La campagne de réduction des prestations de retraite multi-employeurs fait partie de l’assaut national donné aux retraites et qui a suivi la faillite de Detroit. Celle-ci a créé un précédent: on se sert d’une « situation d’urgence financière » pour couper les retraites des travailleurs, protégées par la Constitution. Les syndicats furent des alliés clés du gestionnaire des urgences Kevyn Orr dans l’imposition d’une réduction considérable des retraites des salariés dans le cadre d’une restructuration globale de la ville en faveur des riches.

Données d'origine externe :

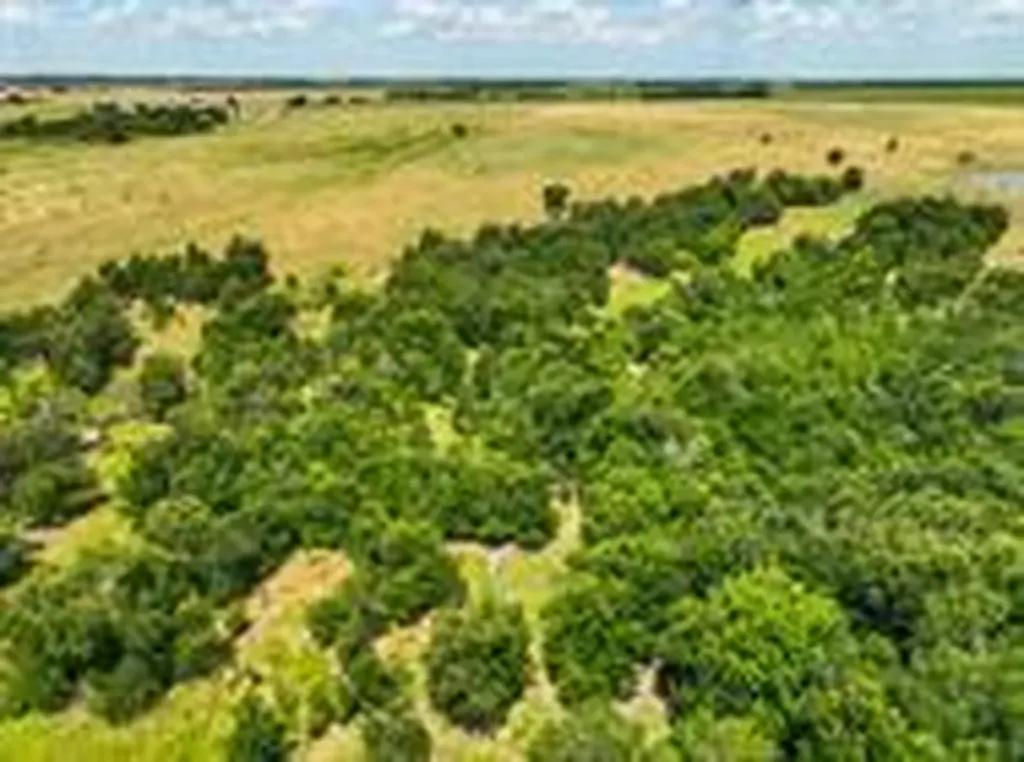 Tract 8 County Road 419 Taylor TX 76574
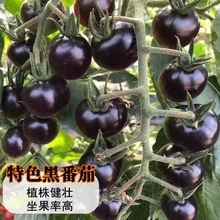 黑珍珠瀑布小番茄种子樱桃西红柿种籽孑千禧水果秧苗四季盆栽蔬菜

Dans le sillage de la procédure de faillite de l’an dernier, des États de tout le pays, notamment l’Illinois et la Californie, ont lancé des campagnes de réduction des retraites sans même se donner la peine d’une telle procédure. Dans le même temps, l’assaut sur les retraites multi-employeurs est passé à la vitesse supérieure au plan national.
Sept ans après l’effondrement de Lehman Brothers, l’évaluation faite par le World Socialist Web Site que la classe dirigeante chercherait à utiliser la crise financière pour restructurer les relations de classe et faire en sorte que la classe ouvrière porte le fardeau de la crise capitaliste s’est avérée correcte. Alors que la richesse des 400 personnes les plus riches des États-Unis a doublé depuis 2009, le revenu d’un ménage type a chuté de plus de 5 pour cent, en sus d’une baisse de 7 pour cent entre 2007 et 2010.
Au moment où le Fonds monétaire international prédit pour cette année la plus faible croissance mondiale depuis 2008-2009 et où la dernière bulle financière donne des signes qu’elle se trouve au bord de l’effondrement, la classe dirigeante, en collaboration avec ses alliés syndicaux, accélère sa campagne d’appauvrissement de la classe ouvrière.